Deuxième point important: le diesel pollue plus, avec un effet négatif non négligeable sur l’environnement et sur la santé (asthme), touchant spécialement des personnes fragiles ; il est un des grands responsables du fait que de nombreuses régions européennes n’arrivent pas à respecter la directive (européenne !) sur la qualité de l’air.

Accessoirement, on peut aussi noter que l’Europe produit trop d’essence pour sa propre consommation, ce qui induit un déséquilibre sur les marchés.

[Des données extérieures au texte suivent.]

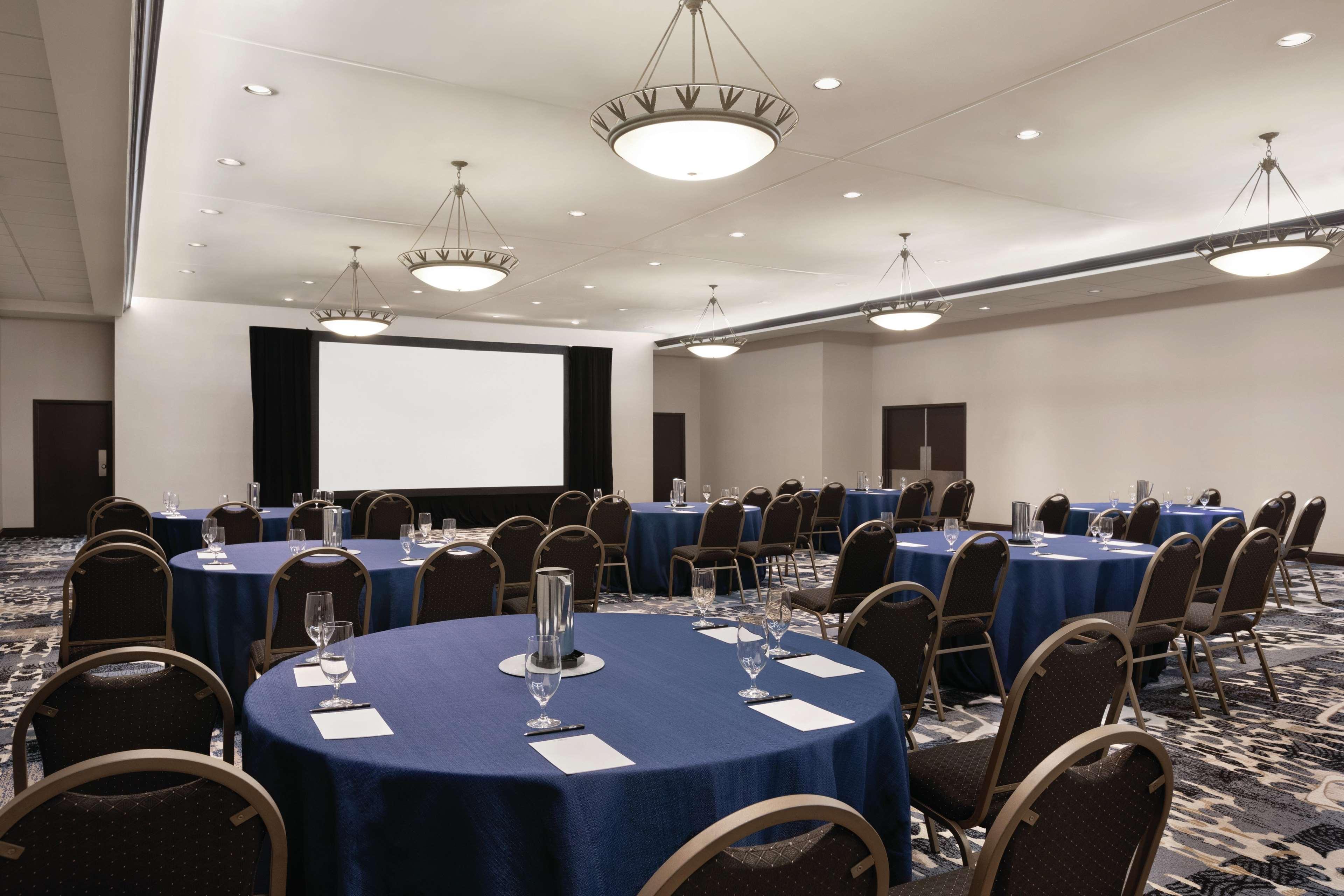Hotel Doubletree By Hilton South Charlotte Tyvola Exterior foto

Si la fiscalité sur le carburant (re)trouvait une neutralité – cessant de favoriser l’un en défaveur de l’autre -, l’industrie automobile serait également incitée à réorienter ses efforts de R&D, et donc ici à reprendre l’amélioration des moteurs à essence, déjà nettement moins polluants que les diesel.

 

Une politique de fiscalité avantageuse pour le diesel, qui au demeurant ne répond à aucune considération d’intérêt général, n’est plus tenable.  Les opposants à la proposition de la Commission ont pris une grande responsabilité vis-à-vis de notre avenir.  Et leur position est d’autant plus indéfendable que la proposition prévoit une période d’adaptation qui permet l’adaptation du parc automobile à la faveur de son renouvellement naturel, sans la moindre douleur pour le portefeuille des citoyens-électeurs : en fait ceux qui ont voté contre ont mal lu le texte, ce qui en soi est une responsabilité aussi.